§ Goal of the exercise
Your answer must match, word for word, the lines from the one holding "Used 2020 Nissan Rogue SV FWD image 38" through the final line below, with pictures excluded.

(Recorded information)

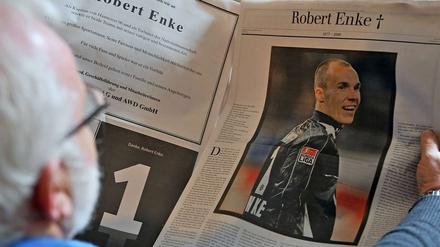 Nach dem Selbstmord von Robert Enke wurde eine Mediendebatte geführt, der Presse zu viel Hetze vorgeworfen. Geändert hat sich einer neuen Untersuchung zu Folge jedoch nichts.
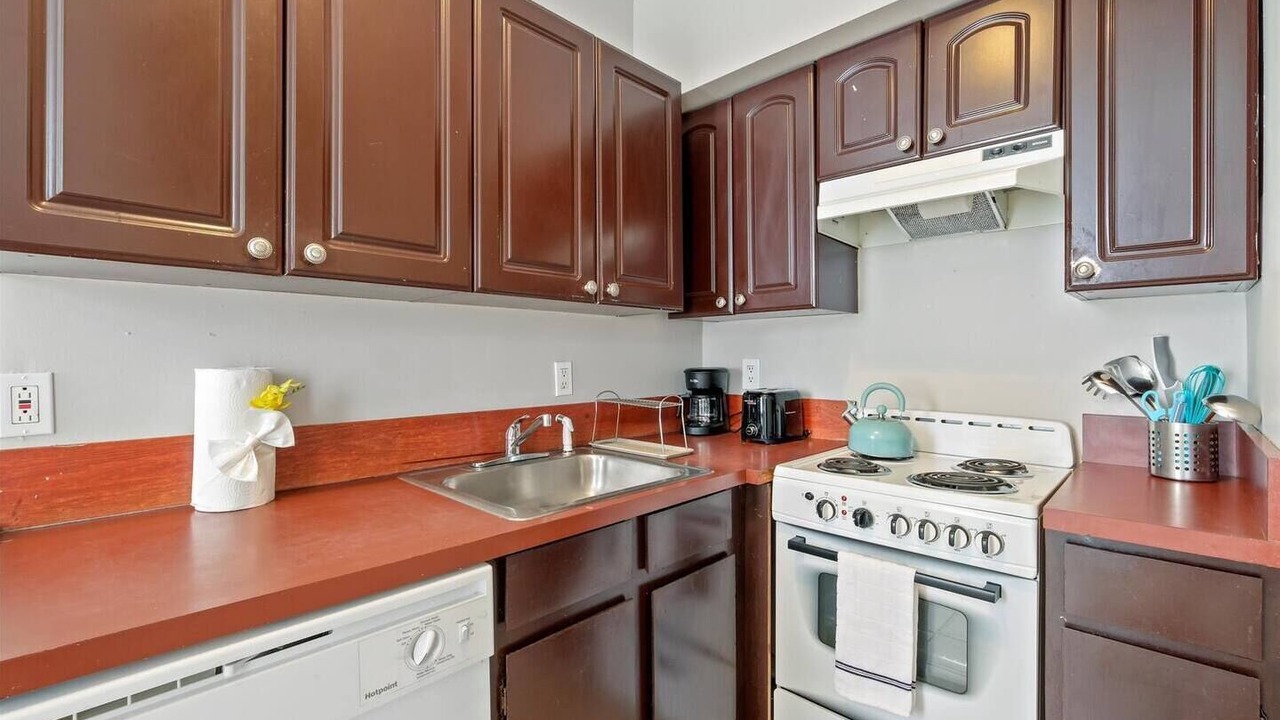Photo of Kitchen in Graduate Hospital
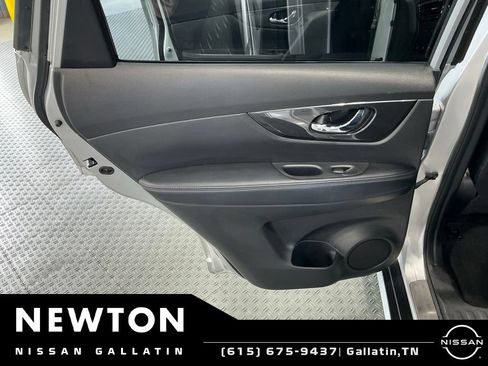 Used 2020 Nissan Rogue SV FWD image 38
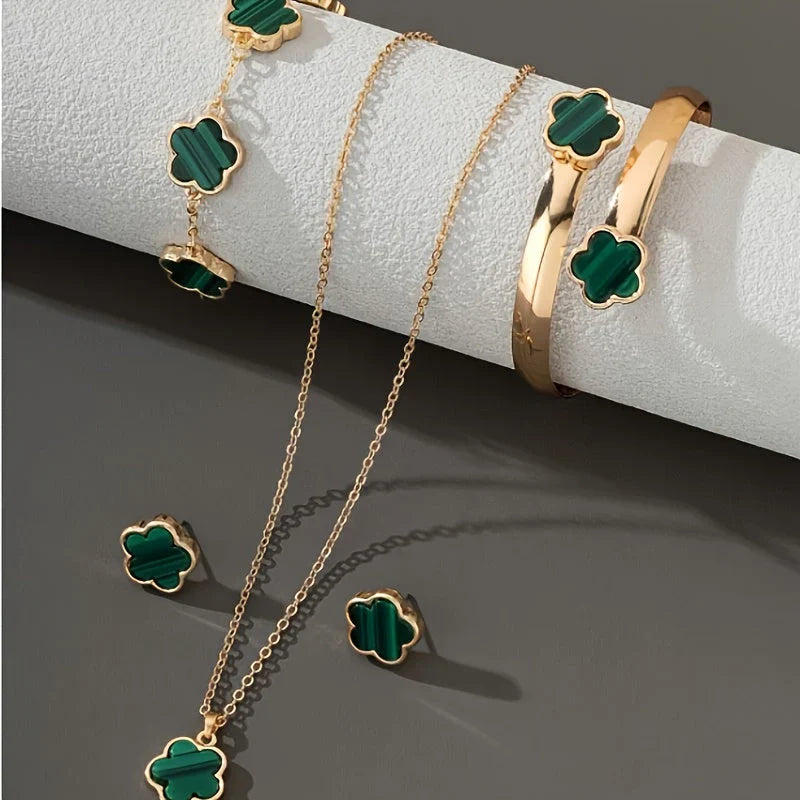 Sienna 3-Piece Jewelry Set | Necklace, Earrings & Bracelet with Flower Charms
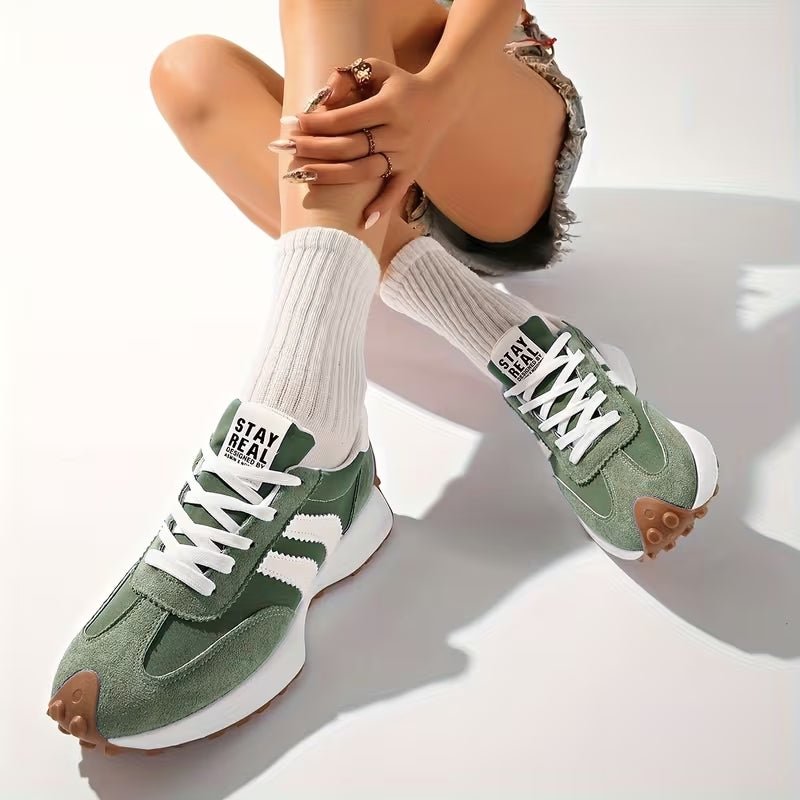 Clara | Kvinnenes Retro Plattform Chunky Sneakers med Snøring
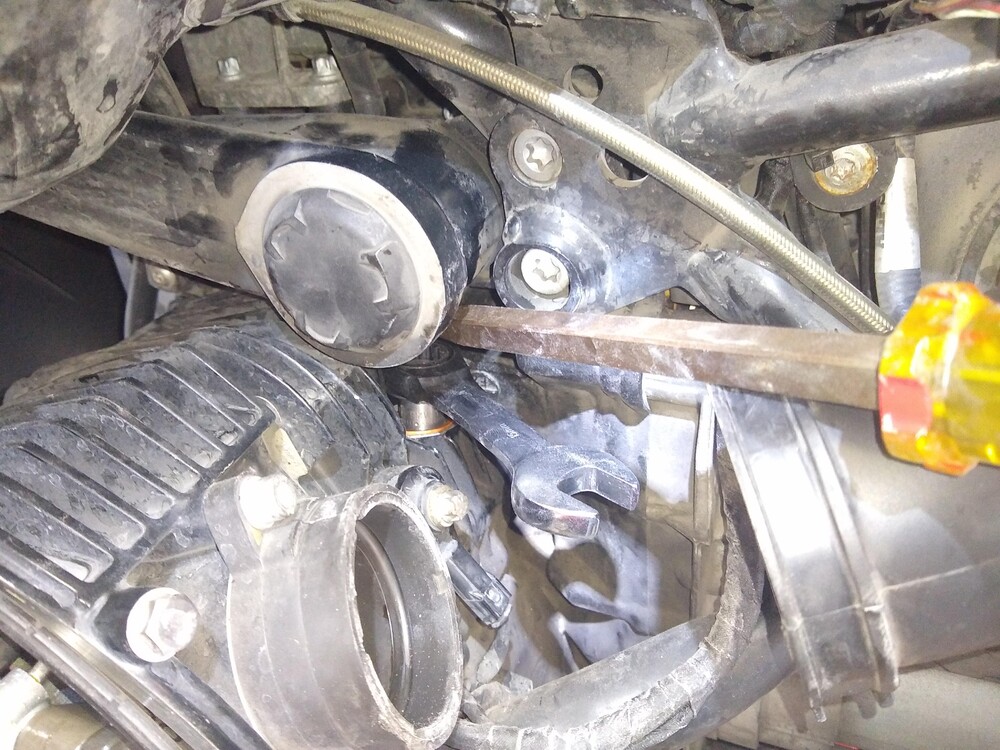 Cam chain tensioner failure symptoms, replacement guidlines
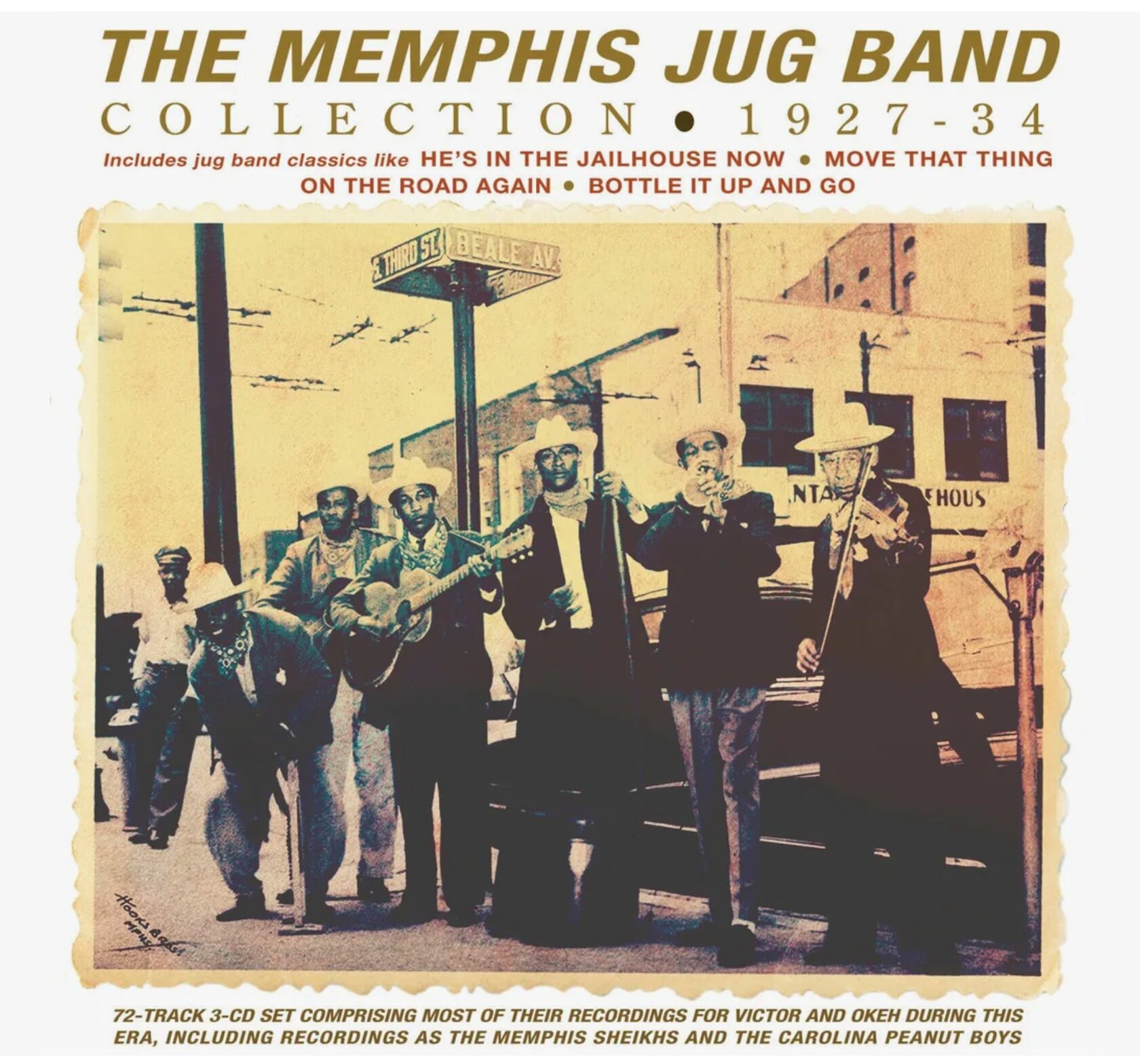 Обложка сборника «The Memphis Jug Band Collection 1927–34» с фотографией группы на улице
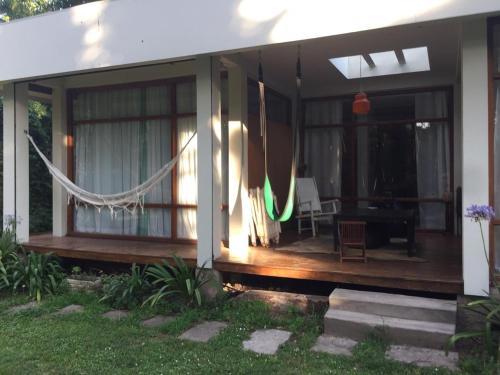 Casa Moderna En El Bosque Peralta Ramos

(End Recorded information)

§ Expected answer
 Used 2020 Nissan Rogue SV FWD image 38
 Sienna 3-Piece Jewelry Set | Necklace, Earrings & Bracelet with Flower Charms
 Clara | Kvinnenes Retro Plattform Chunky Sneakers med Snøring
 Cam chain tensioner failure symptoms, replacement guidlines
 Обложка сборника «The Memphis Jug Band Collection 1927–34» с фотографией группы на улице
 Casa Moderna En El Bosque Peralta Ramos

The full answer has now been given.